Housing in Boston can be unpredictable, expensive, and dependent on a variety of different features, but creating a model that predicts housing prices in Boston suburbs can help show which features correlate to price rates in Boston and which feature most significantly impacts housing rates in the Boston retail market.
Boston Is 2nd Most Expensive US City for Renters, New Report Shows
'We walked into a buzzsaw': This spring, Greater Boston's housing market is tougher than ever.
This project aims to analyze the Boston Housing Prices dataset provided by StatLib - Carnegie Mellon University to understand the factors that influence housing prices in Boston.
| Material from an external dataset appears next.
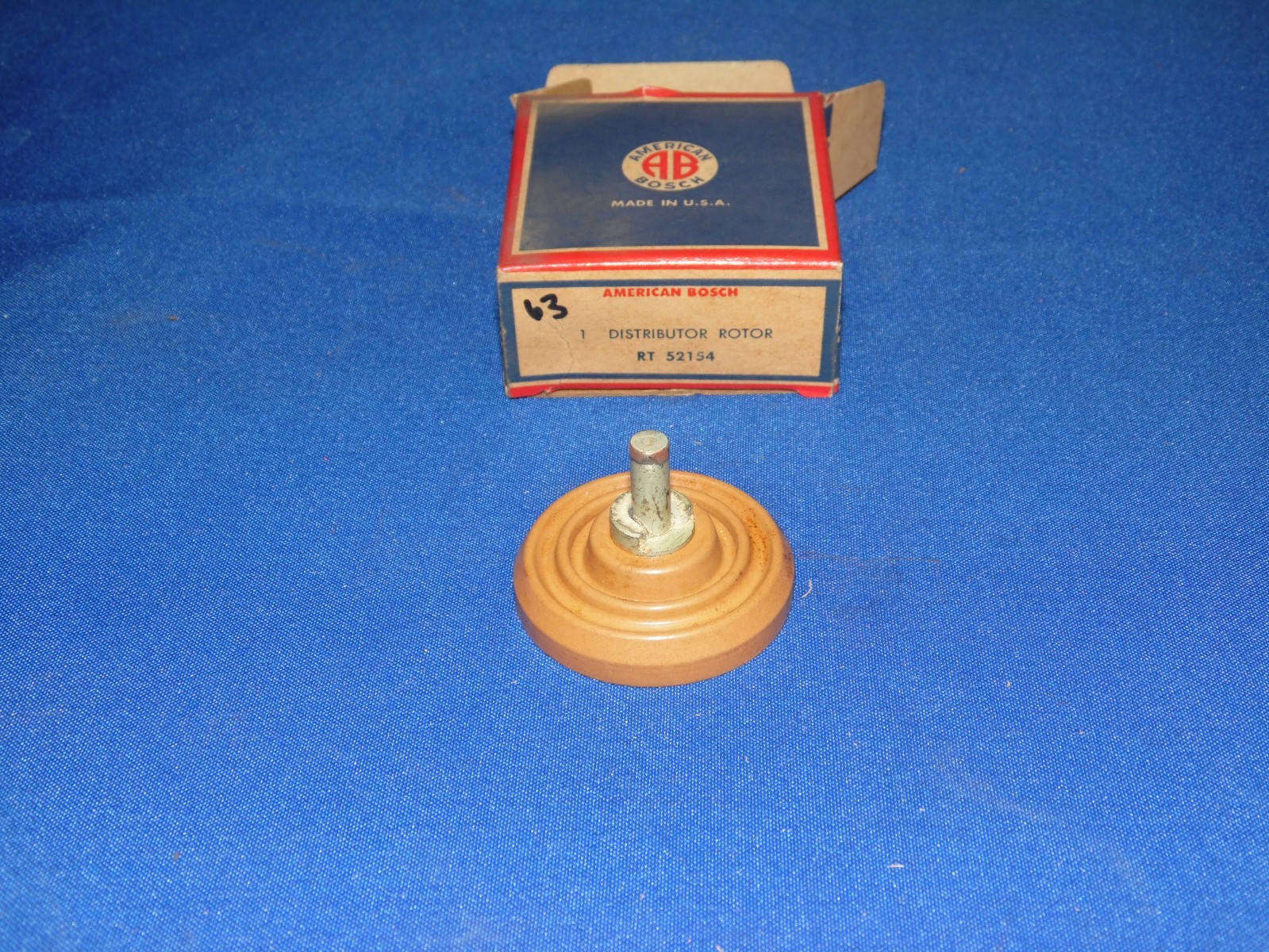 NOS Vintage Bosch Ignition Magneto Rotor RT52154 RT 52154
The dataset contains information about various features such as crime rate, number of rooms, distance to employment centers, accessibility to highways, and others, which can be used to predict housing prices in Boston.
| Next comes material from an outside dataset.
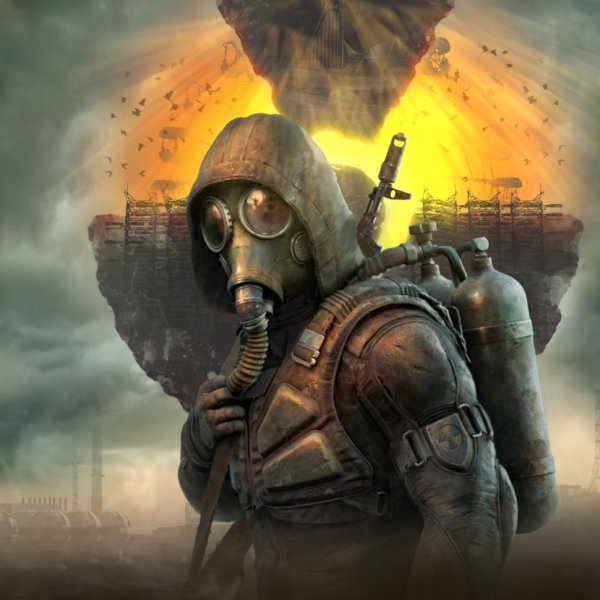 S.T.A.L.K.E.R. чистое небо Постер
If successful, this project could be a predictive model that accurately predicts housing prices in Boston and points out the most significant features that influence housing prices and the housing market in Boston. Additionally, this project's findings could be useful for real estate agents and homeowners who are trying to determine the factors that influence housing prices in Boston.
We will use the Boston Housing Prices Dataset which observes the following features for over 500 suburbs.
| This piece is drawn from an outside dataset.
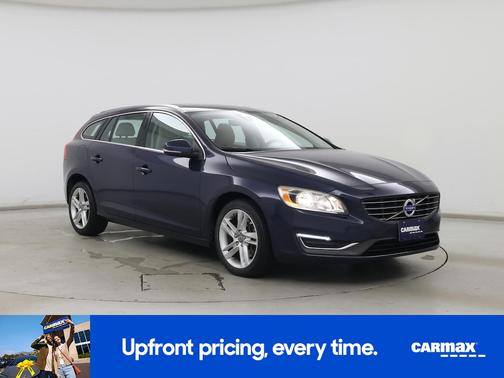 2015 Volvo V60 T5 Premier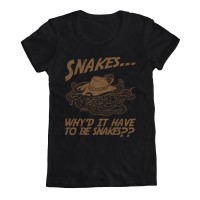 Indiana Jones Snakes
1) CRIM: per capita crime rate by town
2) ZN: proportion of residential land zoned for lots over 25,000 sq.ft.
3) INDUS: proportion of non-retail business acres per town
4) CHAS: Charles River dummy variable (1 if tract bounds river; 0 otherwise)
5) NOX: nitric oxides concentration (parts per 10 million)
6) RM: average number of rooms per dwelling
7) AGE: proportion of owner-occupied units built prior to 1940
8) DIS: weighted distances to five Boston employment centres
9) RAD: index of accessibility to radial highways
10) TAX: full-value property-tax rate per 10k
11) PTRATIO: pupil-teacher ratio by town
12) B: proportion of black population by town
13) LSTAT: % lower status of the population
14) MEDV: Median value of owner-occupied homes in $1000's
First, the dataset will be cleaned for analysis by working with missing values and handling variance within the dataset. The dataset will then be explored using data visualization (graphs, box plots, etc.) to gain insights into the relationships between the different features and determine which feature most greatly correlates with pricing. Lastly, predictive models will be developed using linear regression (line of best fit) and k-Nearest neighbors to determine which features are most significant in predicting housing rates in Boston.
import pandas as pd
spreadsheet = pd.read_csv(r'C:\Users\check\Downloads\DS Jupyter Notebook\boston.csv')
spreadsheet.head()
CRIM | ZN | INDUS | CHAS | NOX | RM | AGE | DIS | RAD | TAX | PTRATIO | B | LSTAT | MEDV | |
---|---|---|---|---|---|---|---|---|---|---|---|---|---|---|
0 | 0.00632 | 18.0 | 2.31 | 0 | 0.538 | 6.575 | 65.2 | 4.0900 | 1 | 296.0 | 15.3 | 396.90 | 4.98 | 24.0 |
1 | 0.02731 | 0.0 | 7.07 | 0 | 0.469 | 6.421 | 78.9 | 4.9671 | 2 | 242.0 | 17.8 | 396.90 | 9.14 | 21.6 |
2 | 0.02729 | 0.0 | 7.07 | 0 | 0.469 | 7.185 | 61.1 | 4.9671 | 2 | 242.0 | 17.8 | 392.83 | 4.03 | 34.7 |
3 | 0.03237 | 0.0 | 2.18 | 0 | 0.458 | 6.998 | 45.8 | 6.0622 | 3 | 222.0 | 18.7 | 394.63 | 2.94 | 33.4 |
4 | 0.06905 | 0.0 | 2.18 | 0 | 0.458 | 7.147 | 54.2 | 6.0622 | 3 | 222.0 | 18.7 | 396.90 | 5.33 | 36.2 |
Using select features, such as crime rate, distance to employment centers, pupil-to-teacher ration, and accessibility to highways, this dataset can be used to compute the reliability of a prediction model for various populations within the area based on numerical statistics.